An in vitro transcription/translation reaction in water-in-oil emulsions was performed as previously described (12,15) with modifications. Fifty microliters of a reaction mixture of the TNT SP6 coupled wheat germ extract system (Promega) was added to a stirred oil phase containing 44 µl of Span 85 (Nacalai Tesque) and 6 µl of Tween 20 (Sigma) in 900 µl of mineral oil (Nacalai Tesque) at 4°C. The DNA concentration was 50 pM in each round of selection except for the first round, in which it was 200 pM, and the fifth round, in which it was 10 pM. After a 90 min reaction at 30°C, the emulsions were broken with 200 µl of ice-cold quenching buffer [TBST, 200 nM biotin, 1% protease inhibitor cocktail (Sigma) and 1% BSA] and 1 ml of ice-cold water-saturated diisopropyl ether. The mixture was inverted 20 times and centrifuged at 12 000 r.p.m. for 5 min at 4°C. The water phase was filtered through an Ultrafree-MC (0.1 µm) (Millipore) and subjected to vacuum for 15 min to remove residual diisopropyl ether.
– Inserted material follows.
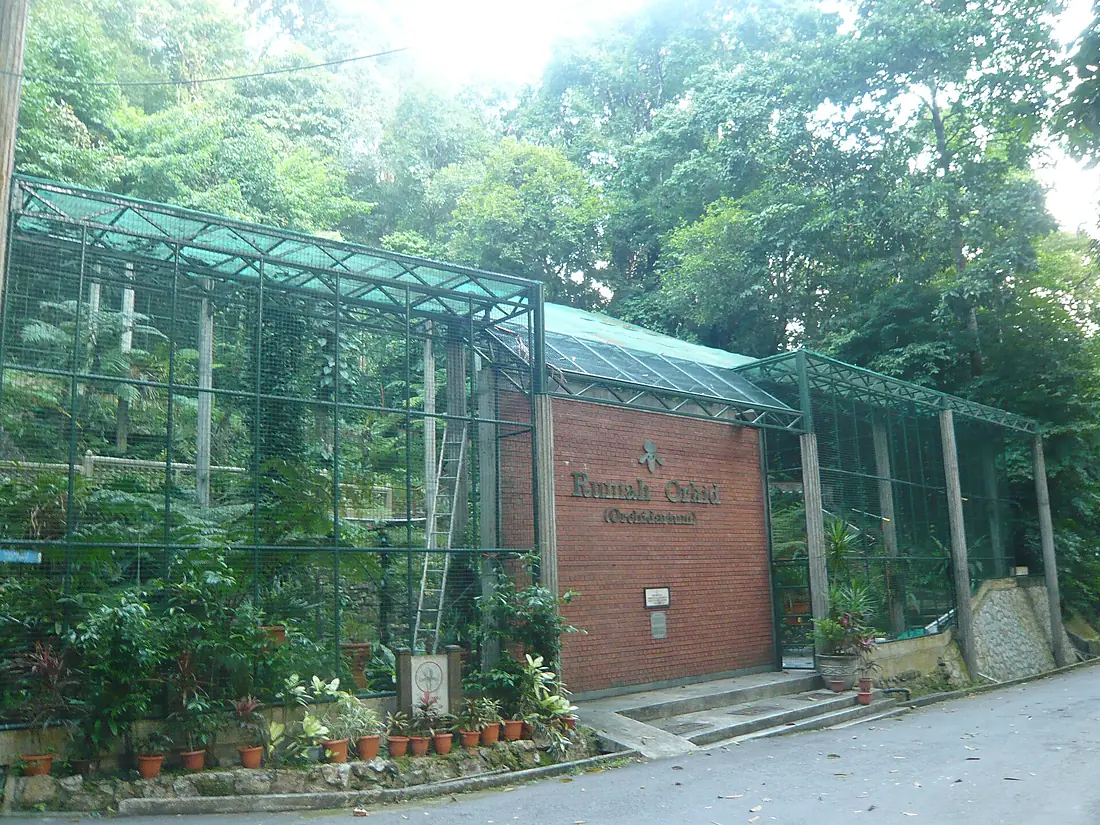 Pg botanic gardens orchidarium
Then, 160 µl of this sample was added to 25 µl of anti-FLAG M2–agarose beads (Sigma), which had been pre-equilibrated with TBST, and mixed on a rotator for 1 h at 4°C. The beads were washed extensively with TBST, 50 µl of elution buffer [1 mg/ml FLAG peptide (Sigma), 50 mM Tris–HCl, 50 mM NaCl, pH 7.6] was added and rotation was continued for 10 min at 25°C. PCR reactions containing 1/10 vol of the eluate were performed with KOD Plus DNA polymerase using biotinylated T7F and T7R primers. The PCR program was 25–30 cycles of denaturation at 95°C for 20 s, annealing at 58°C for 20 s and extension at 72°C for 50 s. The DNA products were used for the next round of selection. To identify selected peptides, DNA was amplified with non-labeled primers, cloned and sequenced.

Dot blot analysis

Total DNA from each round of selection was transcribed and translated in vitro and the products were spotted in triplicate onto a nitrocellulose membrane (Optitran BA-S 83; Schleicher & Scheull) and dried. Products were detected with a 1:5000 dilution of anti-T7·tag (Novagen) or a 1:1000 dilution of anti-FLAG M2 antibody (Sigma) and a 1:2500 dilution of horseradish peroxidase-conjugated secondary antibody (Chemicon). The intensity of each spot was normalized to that of anti-T7·tag.

Protein microarray

Protein microarrays were prepared and probed as described (17). Streptavidin-fused peptides were synthesized with the TNT SP6 wheat germ extract system (Promega) from randomly chosen DNA clones and printed onto biotin-coated slides (18). Peptides were detected with anti-T7·tag or anti-FLAG M2 followed by Cy3-conjugated secondary antibody (Chemicon).

Pull-down assay

DNA–peptide conjugates for selected clones were prepared separately with 10 nM DNA, incubated with anti-FLAG M2–agarose beads, washed and eluted as described above. Input and eluate fractions were diluted 1:2000 and analyzed by quantitative real-time PCR with T7F and T7tagR primers using a LightCycler (Roche) in at least two independent experiments.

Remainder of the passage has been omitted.